In many nations, the notion of integration has become less hospitably pluralist than before. Less of a two-way process and more of a one-way street, with the onus being placed on the minorities to make the adjustments and accommodations deemed necessary for social cohesion. This rightward shift in the political mainstream has been accompanied by increasingly virulent and frequently violent attacks on marginalized minorities by extremist groupings. And across the European Union, Roma populations are bearing the brunt of populist hostility.
Over 30 years ago Roy Jenkins defined integration “not as a flattening process of assimilation but equal opportunity, accompanied by cultural diversity, in an atmosphere of mutual tolerance.” This definition has weathered well over the years, but today, as Bhikhu Parekh suggests, the key question is not how minorities can be integrated. Rather, the question we should be asking is how members of minority communities can become equal citizens bound to the rest by the ties of common belonging. Integration is best viewed as the means and not the end. Forms of integration should be negotiated and decided by their ability to serve the overall objective of fostering common belonging and dignity for all in the relations between Roma and non-Roma citizens.

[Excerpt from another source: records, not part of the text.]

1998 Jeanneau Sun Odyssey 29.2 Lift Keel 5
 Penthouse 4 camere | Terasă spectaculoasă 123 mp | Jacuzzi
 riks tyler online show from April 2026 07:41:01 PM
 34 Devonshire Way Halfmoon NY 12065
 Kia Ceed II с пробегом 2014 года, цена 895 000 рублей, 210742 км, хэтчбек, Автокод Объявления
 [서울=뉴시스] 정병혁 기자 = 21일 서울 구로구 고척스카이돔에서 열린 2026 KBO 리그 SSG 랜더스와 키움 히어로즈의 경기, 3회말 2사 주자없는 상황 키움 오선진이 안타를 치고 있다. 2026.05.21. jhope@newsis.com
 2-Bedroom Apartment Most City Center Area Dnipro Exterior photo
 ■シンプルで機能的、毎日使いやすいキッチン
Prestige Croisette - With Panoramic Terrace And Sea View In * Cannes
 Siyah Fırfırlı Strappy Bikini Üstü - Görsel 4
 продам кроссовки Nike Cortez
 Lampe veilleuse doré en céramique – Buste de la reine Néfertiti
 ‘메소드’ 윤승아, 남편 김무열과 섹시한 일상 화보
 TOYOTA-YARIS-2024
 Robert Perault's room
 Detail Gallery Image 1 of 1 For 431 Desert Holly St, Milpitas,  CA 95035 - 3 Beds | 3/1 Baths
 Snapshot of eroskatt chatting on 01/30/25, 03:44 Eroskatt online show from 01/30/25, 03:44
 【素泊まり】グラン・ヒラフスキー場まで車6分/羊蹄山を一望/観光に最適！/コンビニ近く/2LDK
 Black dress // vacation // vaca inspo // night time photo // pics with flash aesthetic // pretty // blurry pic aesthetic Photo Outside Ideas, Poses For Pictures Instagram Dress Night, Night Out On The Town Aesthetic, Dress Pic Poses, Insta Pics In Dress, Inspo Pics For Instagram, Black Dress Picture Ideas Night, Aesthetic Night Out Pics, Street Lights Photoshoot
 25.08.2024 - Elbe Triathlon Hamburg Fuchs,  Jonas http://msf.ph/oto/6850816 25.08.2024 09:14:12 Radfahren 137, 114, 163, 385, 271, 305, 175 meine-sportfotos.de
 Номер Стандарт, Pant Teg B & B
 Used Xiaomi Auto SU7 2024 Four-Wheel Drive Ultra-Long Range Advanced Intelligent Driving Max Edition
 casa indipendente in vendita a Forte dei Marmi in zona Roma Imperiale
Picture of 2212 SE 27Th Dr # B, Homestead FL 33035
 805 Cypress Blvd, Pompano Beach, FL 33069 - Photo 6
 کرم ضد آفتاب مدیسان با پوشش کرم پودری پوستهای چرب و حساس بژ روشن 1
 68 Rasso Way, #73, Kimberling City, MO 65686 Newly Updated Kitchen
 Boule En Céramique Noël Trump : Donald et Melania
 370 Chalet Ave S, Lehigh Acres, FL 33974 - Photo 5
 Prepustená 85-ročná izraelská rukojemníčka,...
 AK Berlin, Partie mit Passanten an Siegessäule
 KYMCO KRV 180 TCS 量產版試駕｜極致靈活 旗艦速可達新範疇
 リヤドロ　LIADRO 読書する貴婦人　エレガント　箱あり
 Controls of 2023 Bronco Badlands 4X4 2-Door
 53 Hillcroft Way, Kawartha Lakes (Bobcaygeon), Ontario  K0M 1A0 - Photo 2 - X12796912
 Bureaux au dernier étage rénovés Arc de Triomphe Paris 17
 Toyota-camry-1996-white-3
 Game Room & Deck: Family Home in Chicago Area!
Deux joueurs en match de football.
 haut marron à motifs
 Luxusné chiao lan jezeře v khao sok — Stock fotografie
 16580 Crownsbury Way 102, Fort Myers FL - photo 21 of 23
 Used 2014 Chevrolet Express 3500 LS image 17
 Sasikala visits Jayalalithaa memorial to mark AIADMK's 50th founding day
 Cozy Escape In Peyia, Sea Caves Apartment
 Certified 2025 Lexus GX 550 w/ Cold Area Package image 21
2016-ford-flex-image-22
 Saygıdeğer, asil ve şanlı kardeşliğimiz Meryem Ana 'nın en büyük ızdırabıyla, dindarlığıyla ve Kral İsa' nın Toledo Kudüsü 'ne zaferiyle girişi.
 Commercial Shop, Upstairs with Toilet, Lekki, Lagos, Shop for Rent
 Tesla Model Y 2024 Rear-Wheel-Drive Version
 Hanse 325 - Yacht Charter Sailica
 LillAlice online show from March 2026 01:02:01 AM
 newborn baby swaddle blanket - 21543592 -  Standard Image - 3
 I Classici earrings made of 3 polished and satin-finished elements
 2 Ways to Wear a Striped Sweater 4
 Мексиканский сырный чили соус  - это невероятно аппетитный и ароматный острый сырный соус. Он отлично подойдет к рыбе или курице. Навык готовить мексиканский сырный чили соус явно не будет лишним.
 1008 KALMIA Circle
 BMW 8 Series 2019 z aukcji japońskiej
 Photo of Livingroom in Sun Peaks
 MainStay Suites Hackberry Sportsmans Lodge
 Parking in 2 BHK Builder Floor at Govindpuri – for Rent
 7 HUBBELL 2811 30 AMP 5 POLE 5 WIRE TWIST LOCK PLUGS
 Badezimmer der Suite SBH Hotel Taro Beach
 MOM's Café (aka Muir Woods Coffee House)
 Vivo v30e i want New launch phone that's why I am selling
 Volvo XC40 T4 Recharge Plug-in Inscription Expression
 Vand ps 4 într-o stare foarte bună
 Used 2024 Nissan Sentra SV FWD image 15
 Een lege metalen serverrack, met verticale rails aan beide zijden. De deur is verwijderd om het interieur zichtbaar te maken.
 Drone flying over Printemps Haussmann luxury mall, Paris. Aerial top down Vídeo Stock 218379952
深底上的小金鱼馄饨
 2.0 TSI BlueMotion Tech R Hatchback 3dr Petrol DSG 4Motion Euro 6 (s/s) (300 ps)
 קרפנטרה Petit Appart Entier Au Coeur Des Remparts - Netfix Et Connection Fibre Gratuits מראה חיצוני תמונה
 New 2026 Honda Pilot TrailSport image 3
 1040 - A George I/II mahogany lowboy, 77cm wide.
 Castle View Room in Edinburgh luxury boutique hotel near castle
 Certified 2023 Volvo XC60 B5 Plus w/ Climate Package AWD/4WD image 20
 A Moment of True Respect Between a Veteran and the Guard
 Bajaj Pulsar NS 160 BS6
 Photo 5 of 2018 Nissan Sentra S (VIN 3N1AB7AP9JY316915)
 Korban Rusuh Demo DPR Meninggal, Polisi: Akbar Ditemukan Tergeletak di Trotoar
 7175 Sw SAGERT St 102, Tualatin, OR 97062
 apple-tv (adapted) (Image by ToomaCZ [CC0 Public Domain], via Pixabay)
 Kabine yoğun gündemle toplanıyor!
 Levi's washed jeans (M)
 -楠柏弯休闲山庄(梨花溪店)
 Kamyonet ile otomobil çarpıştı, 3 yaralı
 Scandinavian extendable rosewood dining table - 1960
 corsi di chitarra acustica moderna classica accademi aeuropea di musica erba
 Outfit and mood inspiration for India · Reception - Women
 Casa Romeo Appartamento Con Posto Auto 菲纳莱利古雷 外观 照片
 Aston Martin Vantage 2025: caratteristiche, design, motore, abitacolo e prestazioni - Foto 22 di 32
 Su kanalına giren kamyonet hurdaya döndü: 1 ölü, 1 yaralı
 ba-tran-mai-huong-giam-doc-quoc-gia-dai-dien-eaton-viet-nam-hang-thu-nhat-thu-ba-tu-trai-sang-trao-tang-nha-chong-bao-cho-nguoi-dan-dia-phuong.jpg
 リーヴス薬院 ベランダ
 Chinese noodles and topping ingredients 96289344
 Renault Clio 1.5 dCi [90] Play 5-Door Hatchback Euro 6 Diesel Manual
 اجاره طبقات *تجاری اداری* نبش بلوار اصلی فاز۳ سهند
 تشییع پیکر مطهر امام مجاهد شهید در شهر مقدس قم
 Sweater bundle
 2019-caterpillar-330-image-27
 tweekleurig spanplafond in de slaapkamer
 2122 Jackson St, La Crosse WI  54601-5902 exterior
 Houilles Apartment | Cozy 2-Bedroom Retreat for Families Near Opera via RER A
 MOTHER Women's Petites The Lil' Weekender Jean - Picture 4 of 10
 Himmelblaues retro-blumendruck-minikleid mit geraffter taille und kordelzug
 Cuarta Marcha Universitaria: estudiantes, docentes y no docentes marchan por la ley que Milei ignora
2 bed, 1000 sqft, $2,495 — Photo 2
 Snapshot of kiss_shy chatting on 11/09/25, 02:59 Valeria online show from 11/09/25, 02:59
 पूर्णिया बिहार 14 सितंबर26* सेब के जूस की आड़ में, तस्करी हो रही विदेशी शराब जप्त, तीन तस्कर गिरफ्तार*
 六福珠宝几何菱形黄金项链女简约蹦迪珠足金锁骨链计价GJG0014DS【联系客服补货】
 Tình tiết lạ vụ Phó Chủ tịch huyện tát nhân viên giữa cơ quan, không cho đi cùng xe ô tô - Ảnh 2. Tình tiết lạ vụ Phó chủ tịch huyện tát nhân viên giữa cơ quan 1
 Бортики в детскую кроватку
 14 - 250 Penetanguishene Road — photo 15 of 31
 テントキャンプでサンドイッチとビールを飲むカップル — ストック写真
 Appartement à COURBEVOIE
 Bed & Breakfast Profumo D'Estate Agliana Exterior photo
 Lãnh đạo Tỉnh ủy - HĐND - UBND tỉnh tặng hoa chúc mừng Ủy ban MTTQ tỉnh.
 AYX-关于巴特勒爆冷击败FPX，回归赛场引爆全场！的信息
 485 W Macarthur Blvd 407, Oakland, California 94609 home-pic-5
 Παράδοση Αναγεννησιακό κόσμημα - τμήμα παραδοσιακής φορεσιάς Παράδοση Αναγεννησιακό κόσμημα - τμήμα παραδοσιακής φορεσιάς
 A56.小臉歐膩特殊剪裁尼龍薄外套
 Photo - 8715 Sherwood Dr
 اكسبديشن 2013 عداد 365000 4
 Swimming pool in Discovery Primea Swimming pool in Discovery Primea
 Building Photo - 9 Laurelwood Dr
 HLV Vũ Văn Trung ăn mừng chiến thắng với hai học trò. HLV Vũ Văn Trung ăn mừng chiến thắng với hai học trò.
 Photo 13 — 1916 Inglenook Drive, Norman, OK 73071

Roma integration needs to be understood as a two-way process, an open-ended sequence of negotiated adjustments between citizens. This however does not imply any symmetry in the “negotiated adjustments” between Roma and non-Roma. There is no symmetry when it comes to confronting structured and embedded institutional racism.
The challenges to the ties that might bind citizens remain stark and formidable. Despite last year’s unprecedented moves to promote social inclusion under the aegis of the EU Framework, Roma continued to be vilified and persecuted across the continent throughout 2011. As Thomas Hammarberg’s recent report shows, in the European Union, Roma communities repeatedly came under siege from neo-Nazi paramilitary groups and rioting mobs; public officials, mayors and far-right members of parliament continue to indulge in anti-Roma hate speech with seeming impunity.
Even as the December deadline for member states’ submission of NRIS loomed, an anti-Roma pogrom took place on the outskirts of Turin, following a false claim by a 16-year-old girl that she had been sexually assaulted by “gypsies who had stolen her virginity.” A furious mob of locals set the Roma camp ablaze and destroyed it.
In the same month in the Czech Republic, a dispute erupted about the use on national television of the term “inadaptables” to refer to Romani people. In its response to a complaint the television channel’s legal department stated: “There is nothing racist about it. Human society functions in such a way that minorities assimilate into the majority. Anyone who doesn't understand this is an inadaptable, irrespective of ethnic origin or skin color.”
Unfortunately, there is no shortage of detail when it comes to crude forms of racism visited upon Roma citizens; and there is no shortage of evidence that across EU member states Romani men, women and children encounter institutional racism as a quotidian fact of life. The scale of discrimination and exclusion that Roma face was laid bare in the results of the EU-MIDIS European Union Minorities and Discrimination Survey in 2009. The report found that on average, across nine areas of everyday life, the Roma were discriminated against because of their ethnic background more than all other groups surveyed, including Sub-Saharan Africans and North Africans.
As we complicated our understandings of human rights to include what UNDP calls “the expansion of life choices vital to human dignity,” it’s time now to complicate our understandings of racism. Left unchecked and unchallenged, anti-Roma prejudice threatens to derail progress to the extent that the rise of anti-Gypsyism presents a fundamental threat to the entire Framework for Roma Integration. As UNDP stated more than a decade ago, “development opportunities are inexorably linked to human rights.” The national strategies have failed to make this linkage, and this must be remedied. If the Framework is to “make a difference by 2020,” what is to be done to best combat anti-Gypsyism across the European Union?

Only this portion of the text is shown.